Interview with Natalie Barr, Sunrise, 4 September 2025

Senator Nampijinpa Price talks to Natalie Barr on Sunrise

4 September 2025

Subjects: Criminalising flag burning; flag as national unity vs. division under multiple flags; pro-Australian marches showing public sentiment; rejecting neo-Nazis and extremist groups; condemning rising antisemitism; failures of Albanese to call out extremism; call for unity under one flag and shared Australian pride. 

E&OE……………

NATALIE BARR:
A rejection of Australia and all that it stands for or a simple act of freedom of speech. The debate on the burning of our national flag intensified this week after Liberal Senator Jacinta Nampijinpa Price called on politicians to criminalise it.

[Excerpt]

SENATOR JACINTA NAMPIJINPA PRICE:
Things need to change, especially at a time when our nation is facing social cohesion challenges unlike we've seen in generations. The Coalition calls on the Albanese government to enact legislation that criminalises the destruction or desecration of our national flag.

[End excerpt]

NATALIE BARR:
This comes after a weekend of tension across the country where videos emerged of protesters taking a flame to the flag. For more, Senator Nampijinpa Price, Shadow Minister for Defence Industry, joins us live in Canberra. Good morning to you. So, if the flag is a symbol of freedom some would say that includes the freedom to burn it?

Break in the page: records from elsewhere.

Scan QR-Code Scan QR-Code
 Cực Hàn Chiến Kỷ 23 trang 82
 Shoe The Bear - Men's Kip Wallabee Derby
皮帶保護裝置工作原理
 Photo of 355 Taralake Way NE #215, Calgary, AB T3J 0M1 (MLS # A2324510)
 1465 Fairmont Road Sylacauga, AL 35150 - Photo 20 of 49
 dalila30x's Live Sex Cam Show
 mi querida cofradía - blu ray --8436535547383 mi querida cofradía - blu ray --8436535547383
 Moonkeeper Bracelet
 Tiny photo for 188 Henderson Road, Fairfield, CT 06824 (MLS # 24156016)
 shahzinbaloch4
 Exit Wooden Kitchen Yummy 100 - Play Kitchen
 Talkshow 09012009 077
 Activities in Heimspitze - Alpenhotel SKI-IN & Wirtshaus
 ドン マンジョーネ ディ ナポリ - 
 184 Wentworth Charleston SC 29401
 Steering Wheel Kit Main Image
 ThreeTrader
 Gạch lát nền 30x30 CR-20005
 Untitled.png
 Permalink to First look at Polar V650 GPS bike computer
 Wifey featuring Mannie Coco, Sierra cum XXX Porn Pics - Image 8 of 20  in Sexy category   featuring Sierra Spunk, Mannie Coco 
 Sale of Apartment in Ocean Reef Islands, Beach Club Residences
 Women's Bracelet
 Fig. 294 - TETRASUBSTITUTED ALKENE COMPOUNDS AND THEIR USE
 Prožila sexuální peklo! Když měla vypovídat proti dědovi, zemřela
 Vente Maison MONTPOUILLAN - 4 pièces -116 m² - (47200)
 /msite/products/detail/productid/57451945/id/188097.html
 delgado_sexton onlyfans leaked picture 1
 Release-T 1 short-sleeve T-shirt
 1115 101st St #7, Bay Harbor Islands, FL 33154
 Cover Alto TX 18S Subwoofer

SENATOR JACINTA NAMPIJINPA PRICE:
What really concerns me is the fact that the flag is a symbol of our nation. I find that it is a betrayal to burn our flag. Our soldiers, when we lose them, when our diggers pass away, their coffins are draped in the Australian flag, a flag that they fought for our freedoms under. It is desecration. It is the ultimate disrespect to our nation. And I would like to see the Albanese Government put in legislation to make it illegal to burn our national emblem.

NATALIE BARR:
Your proposal was voted down by the Greens and Labor yesterday. What do you think most Australians think about this?

SENATOR JACINTA NAMPIJINPA PRICE:
I think most Australians demonstrated over the weekend how they feel about our country and about our flag. I think in recent times a lot of Australians have been vilified, and the suggestion is that they are somehow racist if they take pride in who we are as a country and in our flag that represents us as a country. I find that our Prime Minister standing in front of three flags divides us. Divides us into three people when we are one people, we are the Australian people, and we need to take that back and we need to reinstate pride in who we are as a country because we are a remarkable country that should be celebrated and not denigrated.

NATALIE BARR:
Okay, so if neo-Nazis are marching through the street, some would say in the name of hate, should they be able to wave the flag in the name of hate?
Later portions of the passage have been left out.